1. Begin tijdig met het verzamelen van uw gegevens (vb. overzicht van uw premies afhalen van uw E-loket via www.landbouwvlaanderen.be).
2. Vergeet niet om uw belastbare oppervlakte te verhogen met ‘fictieve oppervlakte melk’ op basis van het aantal geproduceerde liters.
3. Kijk na of u als varkenshouder recht heeft op de oppervlaktevermindering voor landbouw.
4. De opbrengst van de verhuring voor cultuurcontracten moet u aangeven, de landbouwoppervlakte van de betrokken percelen niet.

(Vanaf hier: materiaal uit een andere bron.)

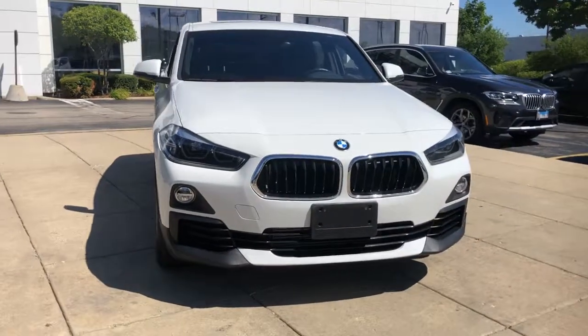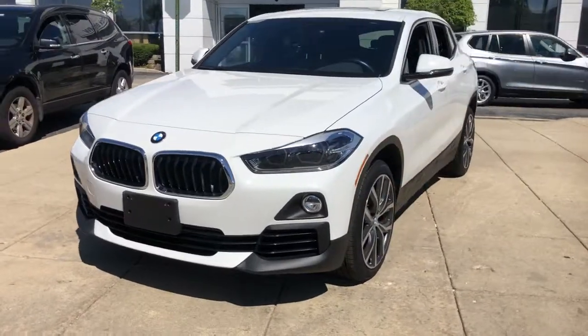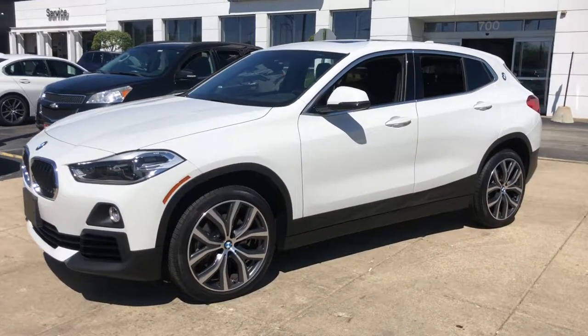Looking for your dream car? It could be the 2018 BMW X2. With less than 25,000 miles on the odometer, this vehicle stands out from the rest.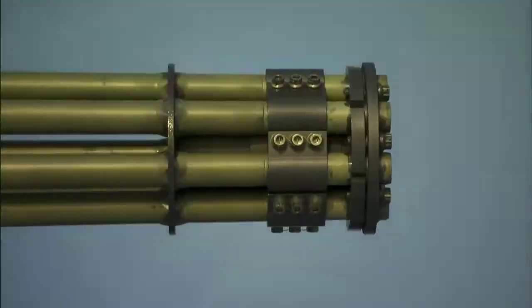Still to come: the most fearsome firepower on the modern battlefield.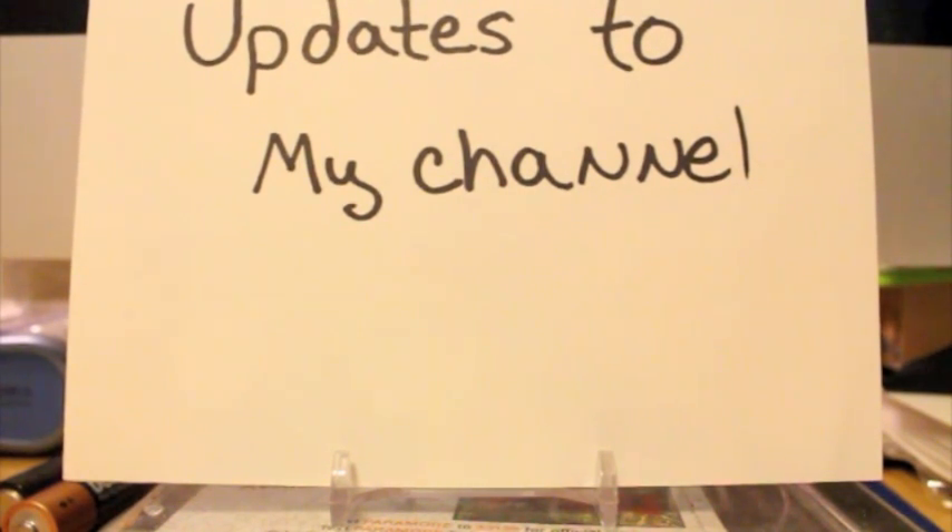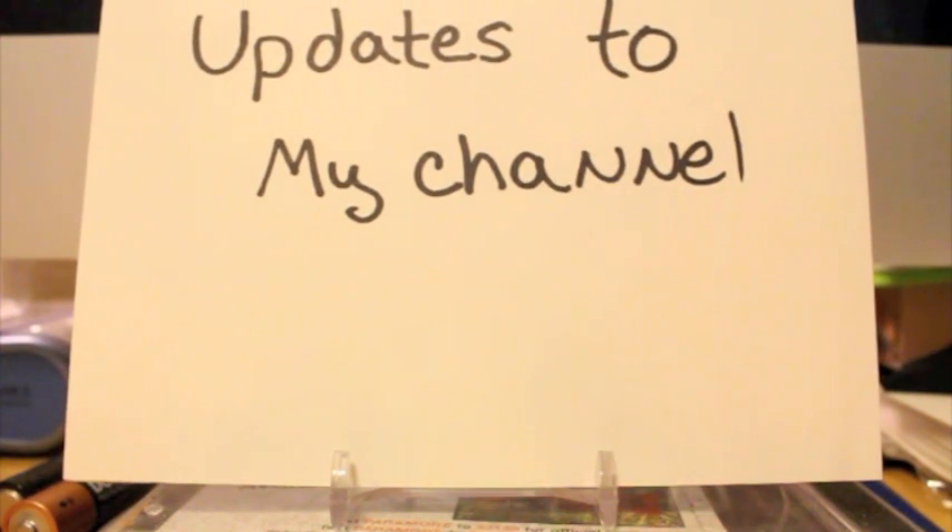Hey, what's up guys? Herbie here. This is an update video for my YouTube channel. As many of you know, YouTube is going to start upgrading their channels to the new channel settings in March. So I decided to change my settings already so I can get used to the different software and different techniques on the new settings. I'm still not used to them at all and have no idea what I'm doing sometimes. So far they're okay — I just don't like them as much as the old ones, but I'll get used to it over time.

5. Premies voor milieuvriendelijke landbouw mag u aftrekken van de semibrutowinst om ze afzonderlijk aan te geven in code 1605/2605 (tarief van 16,5%).
6. De opbrengsten uit betalingsrechten (basisbetaling, vergroening en premie jonge landbouwers) en zoogkoeien zijn belastbaar aan 12,5% en neemt u dus op in code 1607/2607.

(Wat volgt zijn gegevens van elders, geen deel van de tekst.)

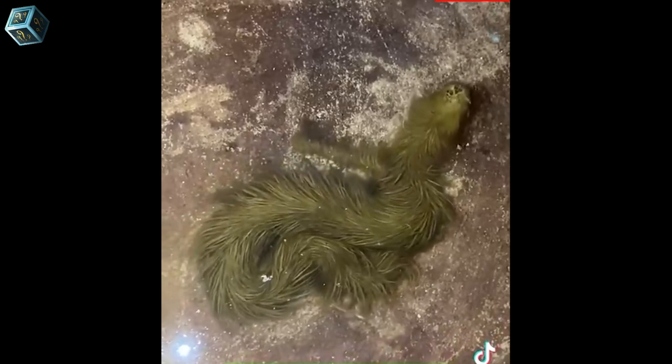They can easily be distinguished from other species by the patterns on top of their broad head. Different species of this snake can also be found in India, Bangladesh, Myanmar, Cambodia, Thailand, Malaysia, and Singapore.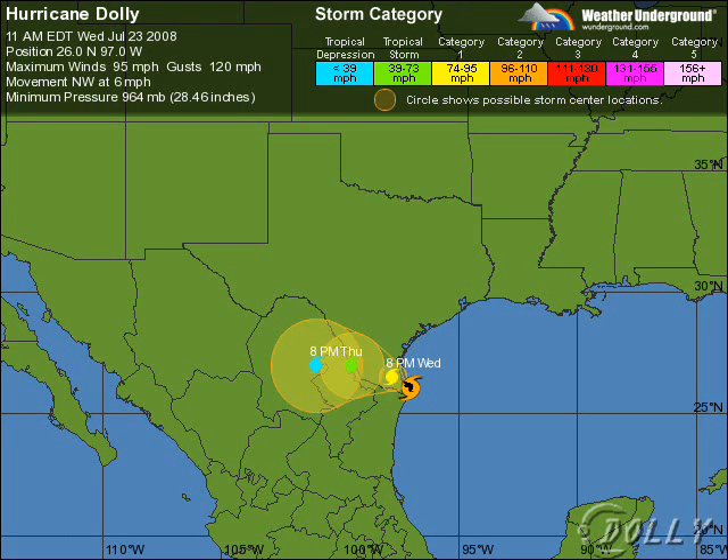The track is expected to come ashore in a few hours, and then we could see a hurricane later tonight of Category 1 intensity, then a depression over the next few days as it moves inland. But we still have Dali to deal with in the short term.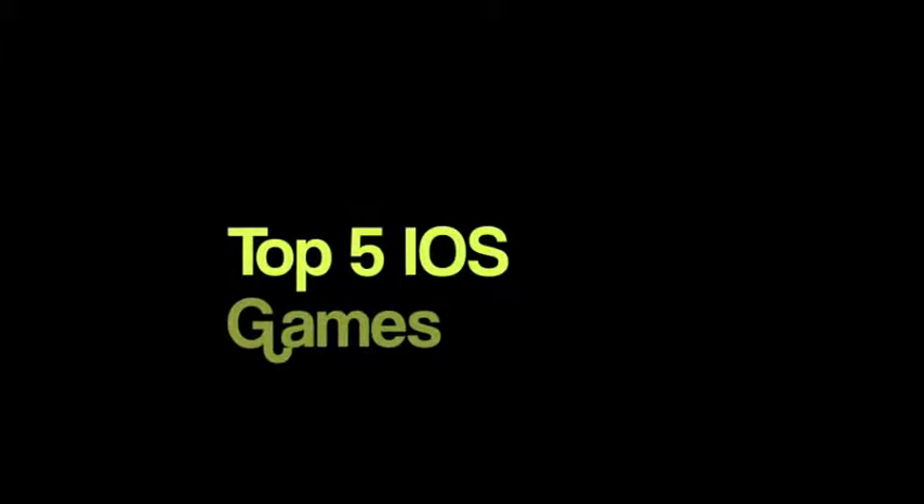Hey guys, userboy24 here, and today I've got you the top 5 iOS games. Make sure to subscribe and like the video.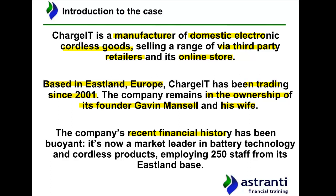In recent years the company has enjoyed significant financial success, with strong growth in revenue and profits, and is now a market leader in specific areas of the domestic electronic cordless goods market — specifically in relation to its production of cordless products excelling via the use of specialist battery technology. The company's growth is emphasised by the fact that it employs 250 staff in its Eastland base, where all production and other operations are undertaken.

7. De ontvangen VLIF-steun in 2019 (kapitaal- of interestsubsidie) is vrijgesteld en moet u dus niet aangeven ! Hou bij de aftrekbare kosten rekening met de bruto-interesten (netto intrest + rentesubsidie).
8. De verliezen bij sterfte van varkens, bij sterfte van runderen bij botulisme en bij de teelt van voedergewassen in het algemeen, mag u over twee jaar spreiden.
9. Vermeld in uw aangifte de ontvangen dividenden van aandelen. Op een bedrag van maximaal 800 euro kan u immers de ingehouden roerende voorheffing recupereren.
10. Dien uw aangifte tijdig in – dus uiterlijk op 11 december 2020 of laat dit doen door een accountant/belastingconsulent die uw aangifte kan indienen tot 11 januari 2021.